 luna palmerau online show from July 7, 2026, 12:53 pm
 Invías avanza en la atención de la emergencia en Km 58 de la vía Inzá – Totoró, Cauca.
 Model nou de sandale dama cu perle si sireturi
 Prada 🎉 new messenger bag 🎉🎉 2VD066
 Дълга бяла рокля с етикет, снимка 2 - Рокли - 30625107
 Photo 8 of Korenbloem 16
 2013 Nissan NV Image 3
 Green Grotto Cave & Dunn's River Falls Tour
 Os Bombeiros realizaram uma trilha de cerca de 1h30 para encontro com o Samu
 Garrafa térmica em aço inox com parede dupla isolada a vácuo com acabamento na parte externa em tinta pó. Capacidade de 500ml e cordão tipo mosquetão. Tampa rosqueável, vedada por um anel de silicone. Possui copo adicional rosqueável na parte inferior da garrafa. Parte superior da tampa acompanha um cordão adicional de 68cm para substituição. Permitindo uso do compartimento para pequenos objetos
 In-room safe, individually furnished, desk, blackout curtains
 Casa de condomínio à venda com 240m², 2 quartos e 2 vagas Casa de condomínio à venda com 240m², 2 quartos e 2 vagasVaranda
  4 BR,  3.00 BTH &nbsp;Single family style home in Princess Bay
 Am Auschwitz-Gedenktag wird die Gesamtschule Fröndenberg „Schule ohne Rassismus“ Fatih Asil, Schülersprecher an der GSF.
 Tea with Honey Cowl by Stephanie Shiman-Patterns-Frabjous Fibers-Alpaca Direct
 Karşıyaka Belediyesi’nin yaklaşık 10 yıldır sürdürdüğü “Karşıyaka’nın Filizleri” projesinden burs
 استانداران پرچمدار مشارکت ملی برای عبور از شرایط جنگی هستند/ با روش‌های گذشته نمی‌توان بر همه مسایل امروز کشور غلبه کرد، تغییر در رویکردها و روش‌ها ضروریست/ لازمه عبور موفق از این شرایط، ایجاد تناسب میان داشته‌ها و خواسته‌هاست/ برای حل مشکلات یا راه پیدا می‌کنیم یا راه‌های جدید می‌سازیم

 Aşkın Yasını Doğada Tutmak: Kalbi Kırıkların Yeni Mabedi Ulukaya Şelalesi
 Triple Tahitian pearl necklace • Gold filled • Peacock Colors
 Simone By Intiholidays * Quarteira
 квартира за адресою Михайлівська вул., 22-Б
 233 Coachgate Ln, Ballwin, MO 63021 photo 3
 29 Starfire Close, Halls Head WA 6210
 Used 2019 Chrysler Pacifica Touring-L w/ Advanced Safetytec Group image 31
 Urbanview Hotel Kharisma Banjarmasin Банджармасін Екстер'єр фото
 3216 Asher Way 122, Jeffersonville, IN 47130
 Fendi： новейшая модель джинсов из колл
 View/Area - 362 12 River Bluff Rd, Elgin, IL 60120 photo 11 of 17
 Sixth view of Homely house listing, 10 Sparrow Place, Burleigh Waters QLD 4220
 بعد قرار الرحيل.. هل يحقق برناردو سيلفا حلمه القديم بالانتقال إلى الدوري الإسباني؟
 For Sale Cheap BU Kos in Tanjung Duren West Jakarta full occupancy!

———

Activity: Pull every line with the string "River" out of the material.

Answer section:
 Green Grotto Cave & Dunn's River Falls Tour
 View/Area - 362 12 River Bluff Rd, Elgin, IL 60120 photo 11 of 17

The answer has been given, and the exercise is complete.